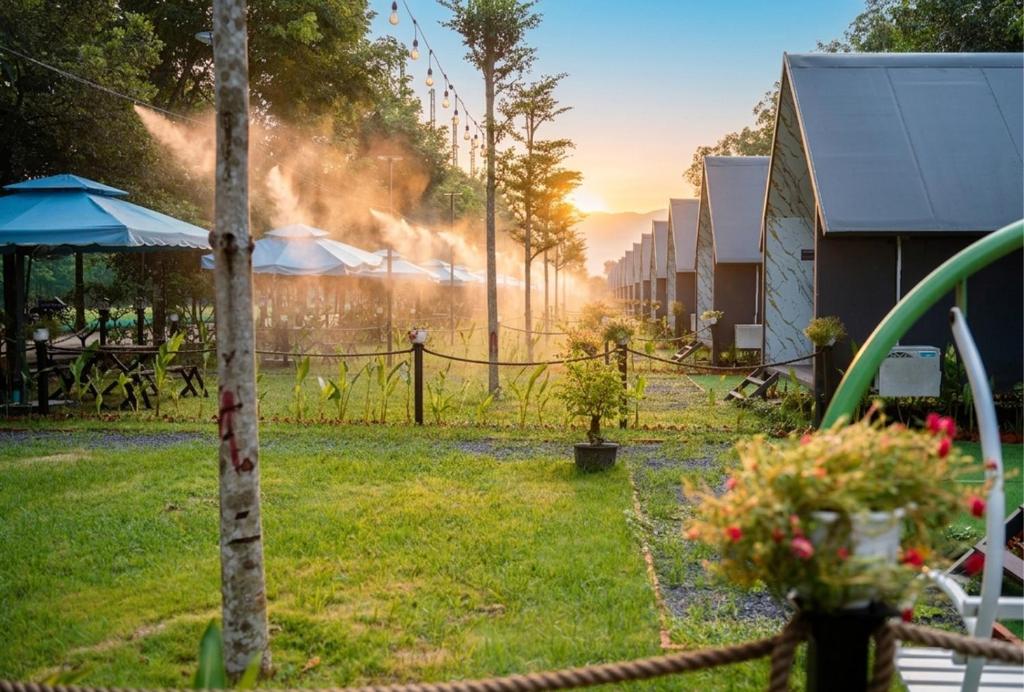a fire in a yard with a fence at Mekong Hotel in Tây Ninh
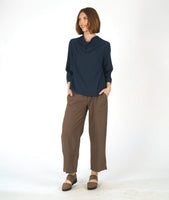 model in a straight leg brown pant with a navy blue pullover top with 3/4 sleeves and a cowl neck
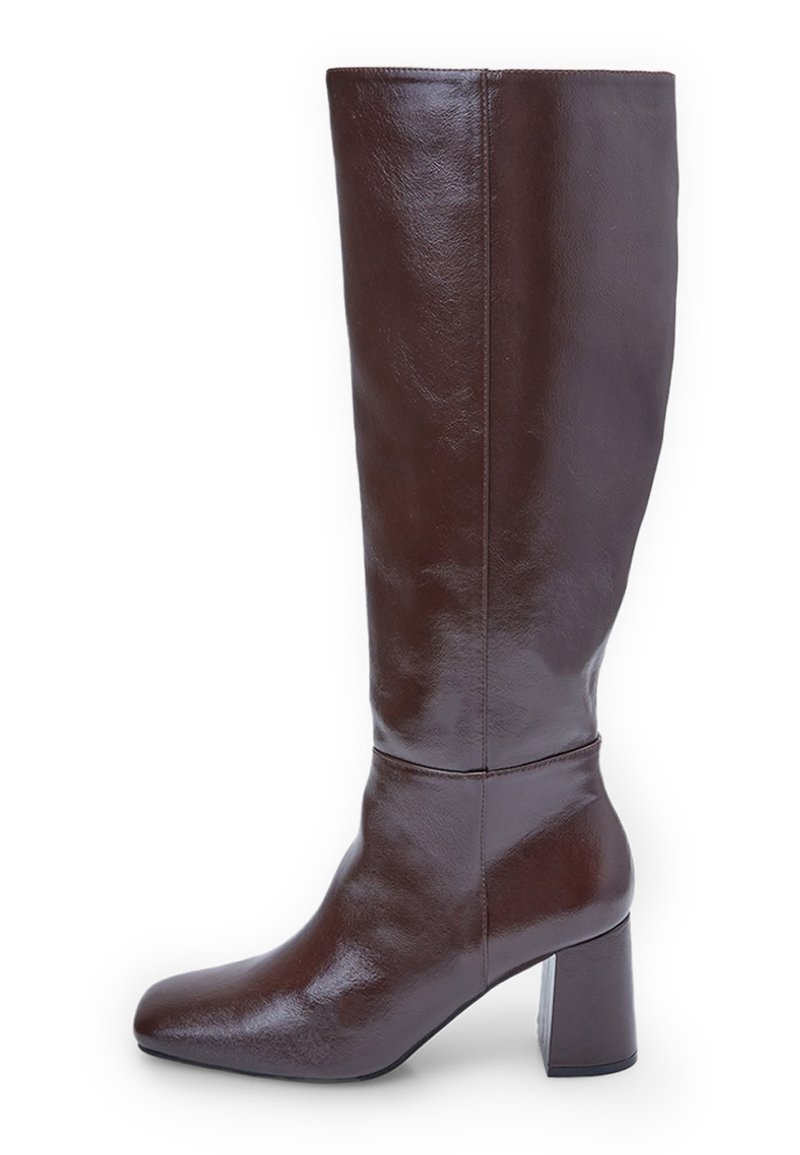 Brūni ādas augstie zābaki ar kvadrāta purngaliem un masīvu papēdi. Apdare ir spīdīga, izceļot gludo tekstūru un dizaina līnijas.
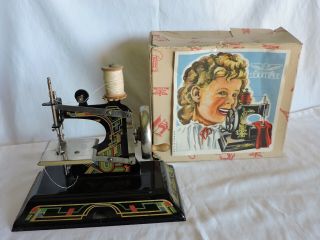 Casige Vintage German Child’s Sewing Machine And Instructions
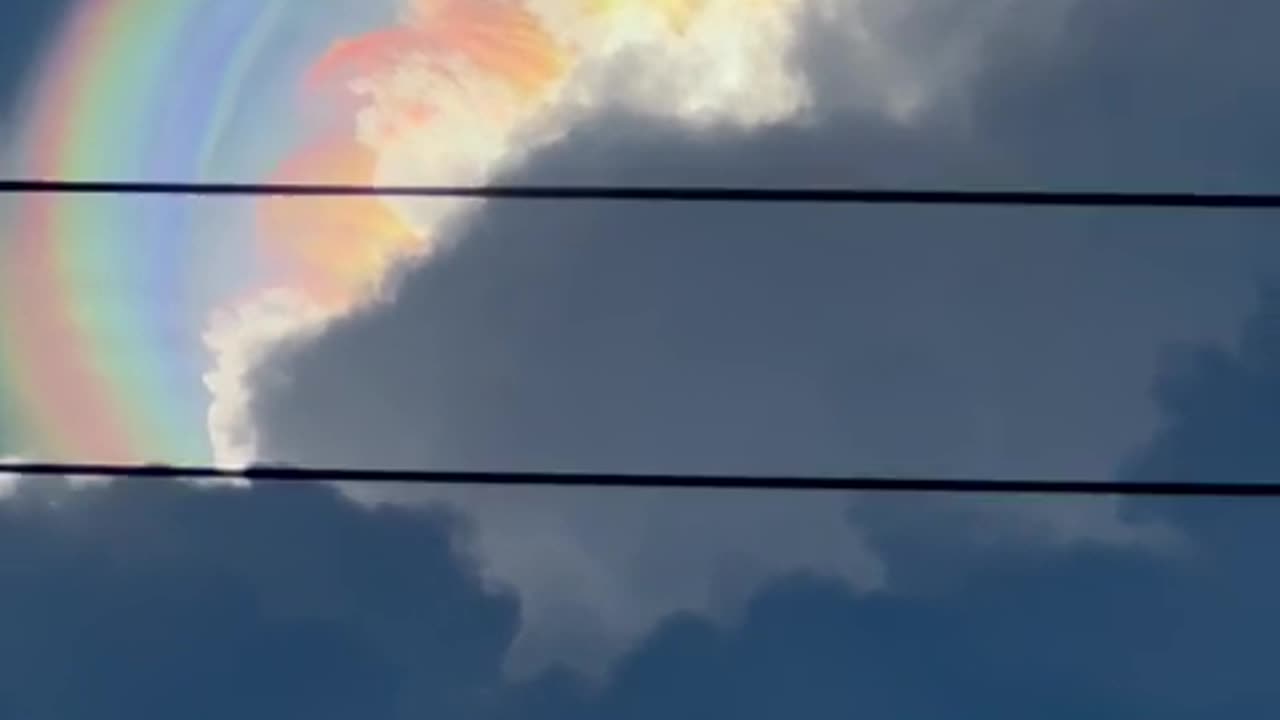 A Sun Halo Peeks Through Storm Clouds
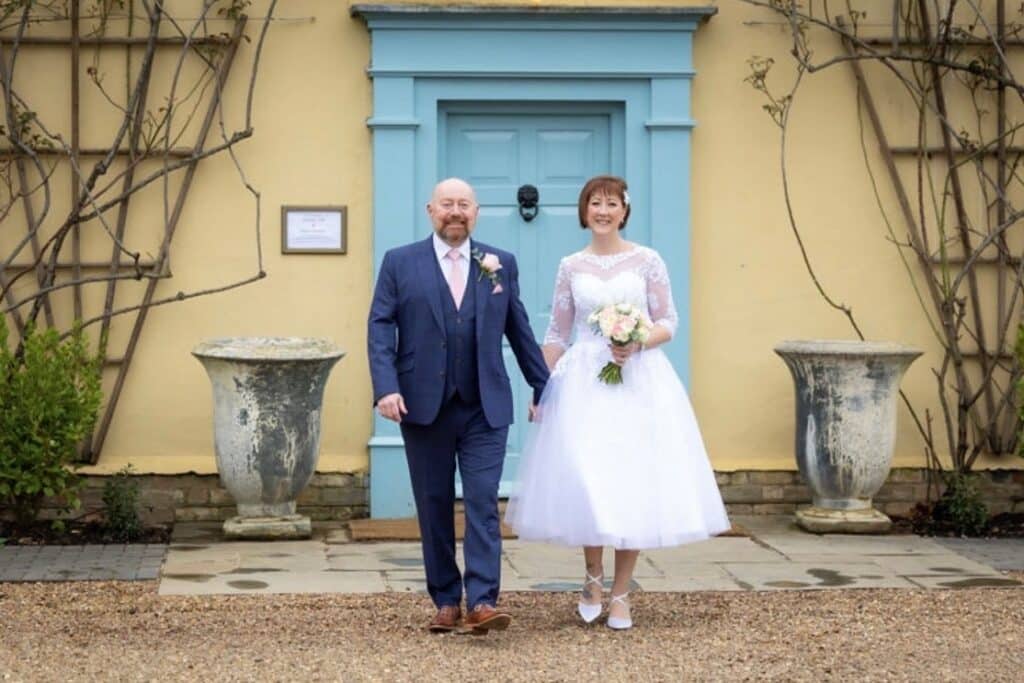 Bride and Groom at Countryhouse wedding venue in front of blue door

□ □ □ □

▶ _Task description_
Text only, please: give the listing again word for word with no images.

▶ _Output of the task_
a fire in a yard with a fence at Mekong Hotel in Tây Ninh
 model in a straight leg brown pant with a navy blue pullover top with 3/4 sleeves and a cowl neck
 Brūni ādas augstie zābaki ar kvadrāta purngaliem un masīvu papēdi. Apdare ir spīdīga, izceļot gludo tekstūru un dizaina līnijas.
 Casige Vintage German Child’s Sewing Machine And Instructions
 A Sun Halo Peeks Through Storm Clouds
 Bride and Groom at Countryhouse wedding venue in front of blue door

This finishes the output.